Alors que l’industrie de la robotique humanoïde était historiquement cantonnée à des prototypes de laboratoires à plus de 150 000 dollars ou à des baux de location industrielle (RaaS) inaccessibles aux petites structures, Unitree Robotics bouscule les règles du jeu avec le démarrage effectif des livraisons de série de son modèle Unitree G1.
Proposé au prix public de 16 000 $ (environ 15 000 €) dans sa version de base, le G1 est le premier bipède humanoïde autonome véritablement industrialisé en grande série.
Une densité de couple remarquable dans 35 kg
Le tour de force technique d’Unitree repose sur son gabarit compact : avec une taille de 1,32 m pour seulement 35 kg, le G1 limite considérablement les risques d’impact et l’inertie lors des phases de développement d’algorithmes de marche et d’équilibre.
Malgré cette compacité, ses actionneurs rotatifs propriétaires délivrent un couple crête impressionnant de 120 Nm au niveau des hanches et des genoux. Cela permet au G1 de se déplacer à 7,2 km/h (2,0 m/s), d’exécuter des rétablissements d’équilibre après des chocs latéraux violents et même d’effectuer des acrobaties aériennes.
Perception LiDAR 3D et flexibilité de manipulation
Contrairement aux approches basées exclusivement sur la vision passive, Unitree a intégré dans la tête du G1 un LiDAR 3D grand angle couplé à une caméra de profondeur RealSense.
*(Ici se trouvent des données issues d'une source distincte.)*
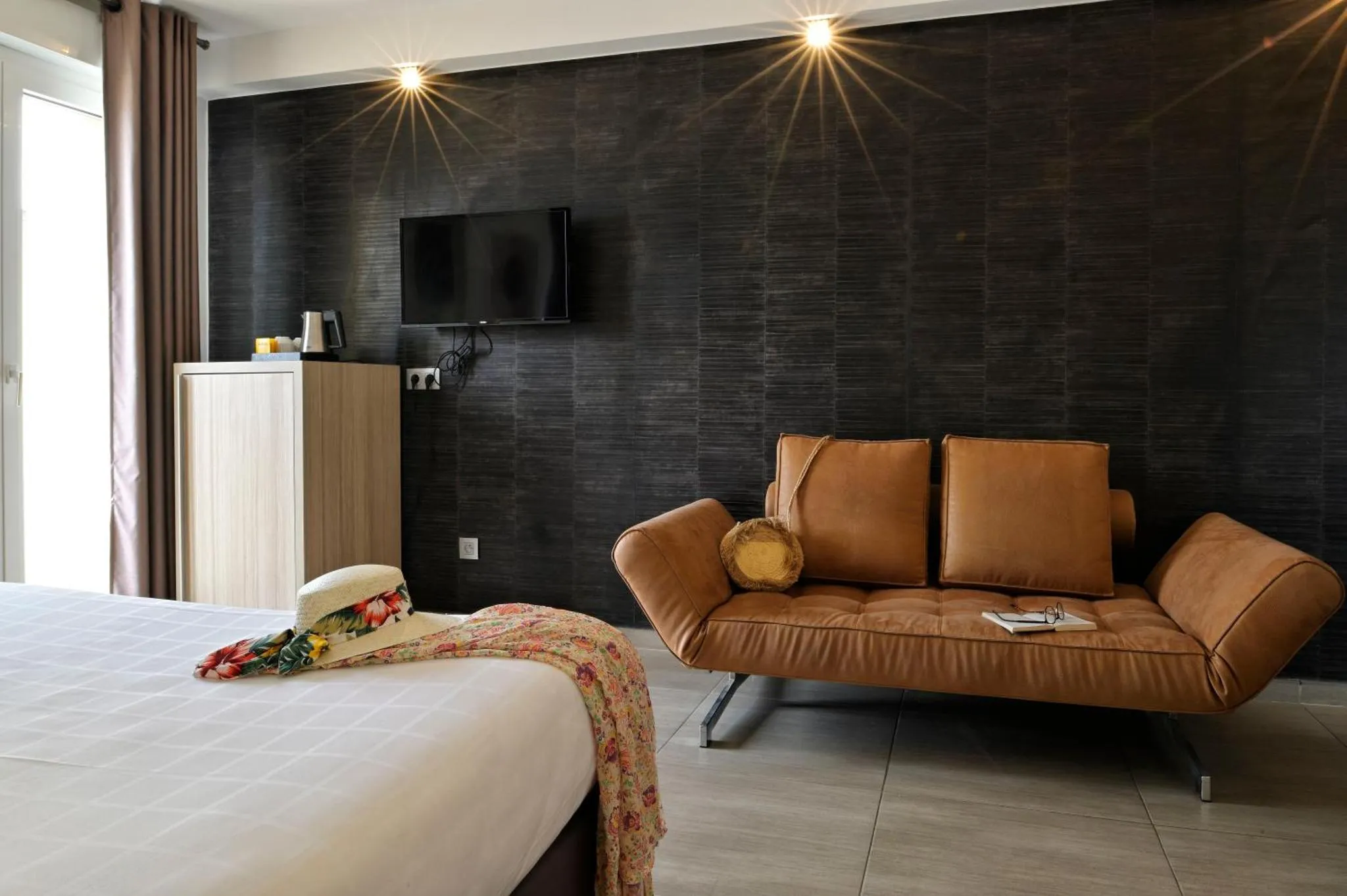 Espace de détente avec canapé en cuir et lit recouvert d'un plaid.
Ce système permet une cartographie volumétrique instantanée de la pièce sans dépendre des conditions d’éclairage.
Côté manipulation, le G1 est proposé en deux configurations :
- Configuration standard : mains tri-digitales avec retour de force pour les saisies d’outils et de cartons jusqu’à 3 kg.
- Option Dex3-1 : mains à 7 degrés de liberté intégrant des capteurs tactiles sur le bout des doigts pour la manipulation fine d’objets du quotidien.
Ce que cette commercialisation change pour l’écosystème
L’arrivée du Unitree G1 dans des centaines de laboratoires universitaires, d’écoles d’ingénieurs et de startups d’IA logicielle marque le passage de la robotique théorique à l’entraînement massif en conditions réelles.
Jusqu’alors, la collecte de données d’apprentissage par renforcement (Reinforcement Learning) et d’apprentissage par imitation (Behavioral Cloning) nécessitait des simulateurs comme Isaac Sim ou MuJoCo. Avec un humanoïde fonctionnel à 16 000 $, le cycle d’itération entre la simulation et le matériel réel (sim-to-real) s’accélère brutalement.